Calculator Inputs
Example Data Table
This example uses one response variable and two predictors.
| Y | X1 | X2 |
|---|---|---|
| 8.7 | 1 | 2.1 |
| 9.2 | 2 | 2.4 |
| 10.1 | 3 | 2.8 |
| 11.5 | 4 | 3.0 |
| 12.4 | 5 | 3.5 |
| 13.8 | 6 | 3.9 |
Formula Used
The main regression is estimated with ordinary least squares. The model is Y = Xb + e.
The residuals are squared. Then an auxiliary regression is fitted using e squared as the response.
The main LM statistic is LM = n × R² auxiliary.
The degrees of freedom are equal to the number of predictors, excluding the intercept.
The F statistic is F = (R² / k) / ((1 - R²) / (n - k - 1)).
The null hypothesis states that the regression error variance is constant.
How To Use This Calculator
- Paste your data into the text area.
- Place the response variable in the first column.
- Place each predictor in the next columns.
- Use commas, spaces, tabs, or semicolons between values.

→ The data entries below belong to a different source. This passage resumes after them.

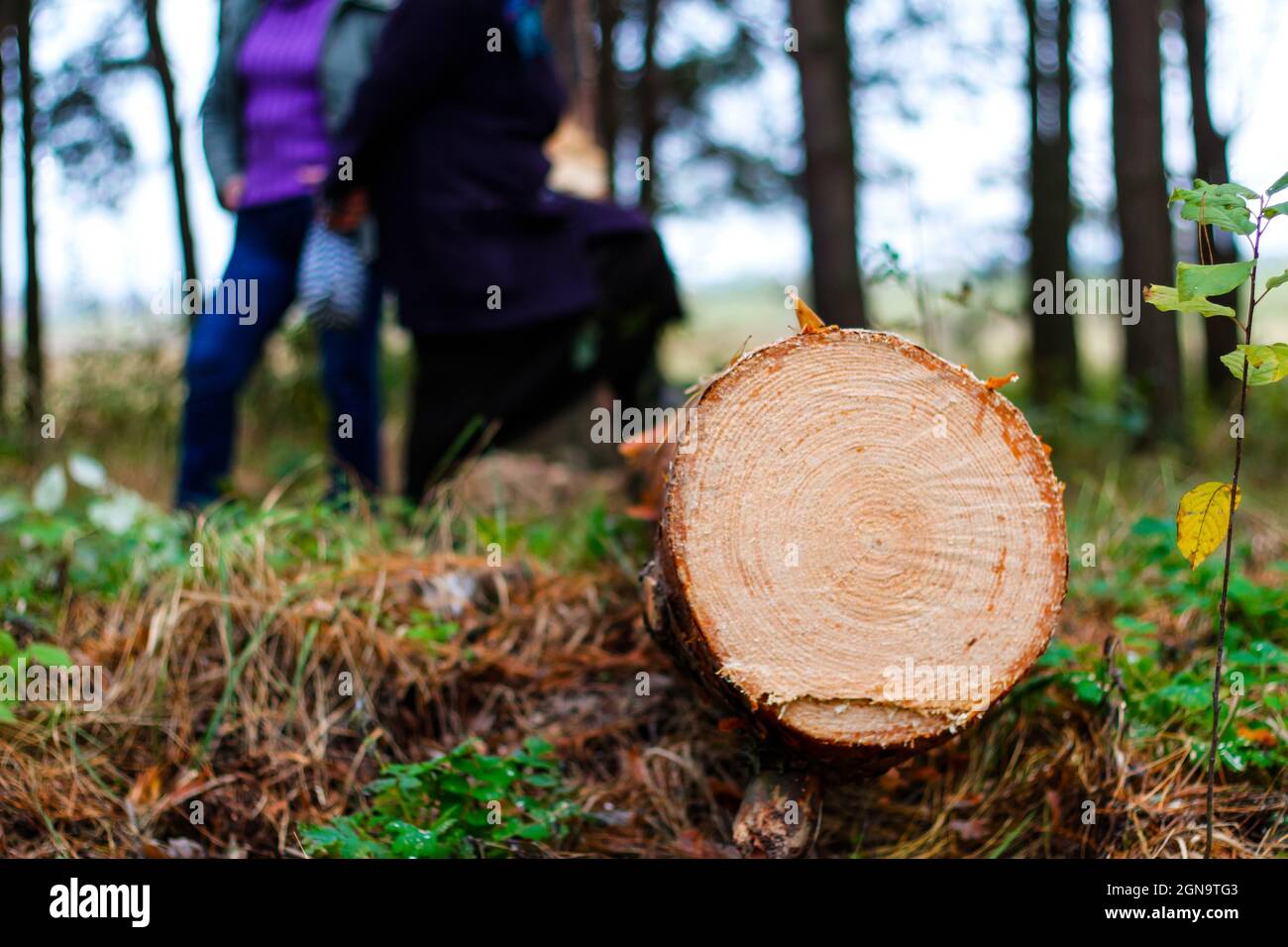 Defocus log of pine tree in autumn forest. Saw cur wood. Saw cut of a large pine tree. Nature wood outside, outdoor. People silhouettes on background Stock Photo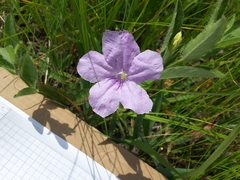 Ruellia humilis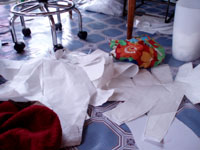 ＊ずうっと。＊　　2006,6,22_a0030038_11385868.jpg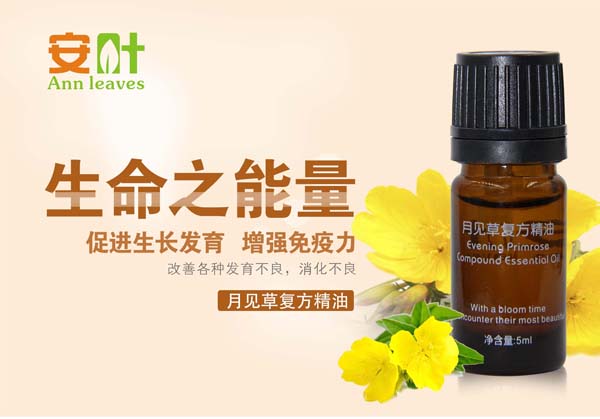 ���~��Ҋ(ji��n)�ݏ�(f��)������  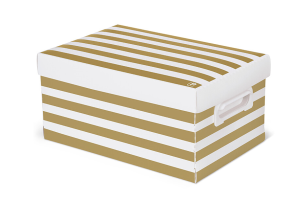 CAIXA POLIBRAS ORGANIZADORA MULTIUSO M- METALIC GOLDEN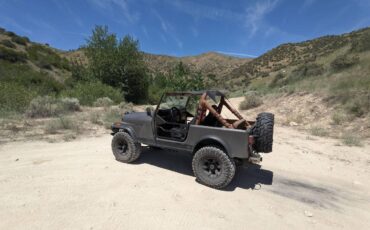 Jeep-cj-7-open-body-with-amc401-1981-grey-6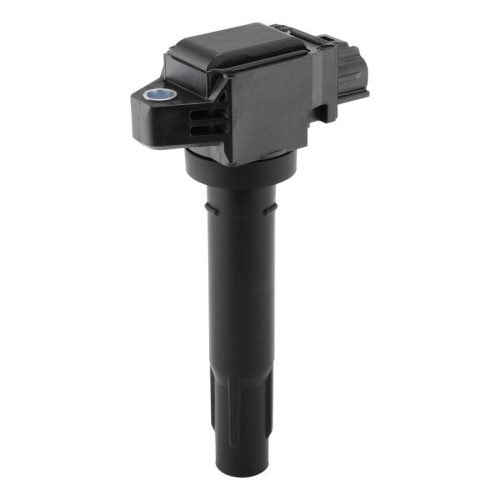 BorgWarner (BERU) Z&uuml;ndspule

- Choose alpha and decimal precision.
- Press the calculate button.
- Read the LM p value and conclusion.
- Download the CSV or PDF report when needed.
About the Breusch Pagan Test
The Breusch Pagan test is a regression diagnostic for changing error variance. It checks whether residual spread grows or shrinks with predictors. A stable spread supports ordinary least squares assumptions. An unstable spread suggests heteroscedasticity. That issue can distort standard errors, confidence intervals, and hypothesis tests.
Why This Calculator Helps
This calculator accepts pasted regression data. The first column is the response variable. The remaining columns are predictor variables. It estimates the main regression, stores residuals, squares them, and fits an auxiliary regression. The auxiliary fit explains whether predictors help describe residual variance. The tool then reports the LM statistic, degrees of freedom, p value, and optional F result.
Interpreting The Result
The null hypothesis says the error variance is constant. A small p value means the data gives evidence against that claim. Many analysts compare the p value with 0.05. You can choose another alpha level when your field requires stricter control. A significant result does not prove a model is useless. It signals that uncertainty estimates may need correction.
Practical Model Guidance
If heteroscedasticity appears, review plots of residuals against fitted values. Check whether important variables are missing. Consider transformations, weighted least squares, or robust standard errors. These steps can make inference more dependable. Always keep subject knowledge in the decision. A statistical flag needs context.
Data Quality Matters
The test needs enough observations. It also needs a usable design matrix. Highly duplicated columns can make regression unstable. Missing values should be removed before entry. Extreme outliers can dominate residual variance. Compare the result with visual diagnostics for a safer conclusion.
Export And Documentation
Use the CSV option for spreadsheets and audit records. Use the PDF option for quick reporting. The example table shows the expected input style. You can replace it with your own rows. Keep variable order consistent. Then run the calculation and review both the numeric results and the formula notes.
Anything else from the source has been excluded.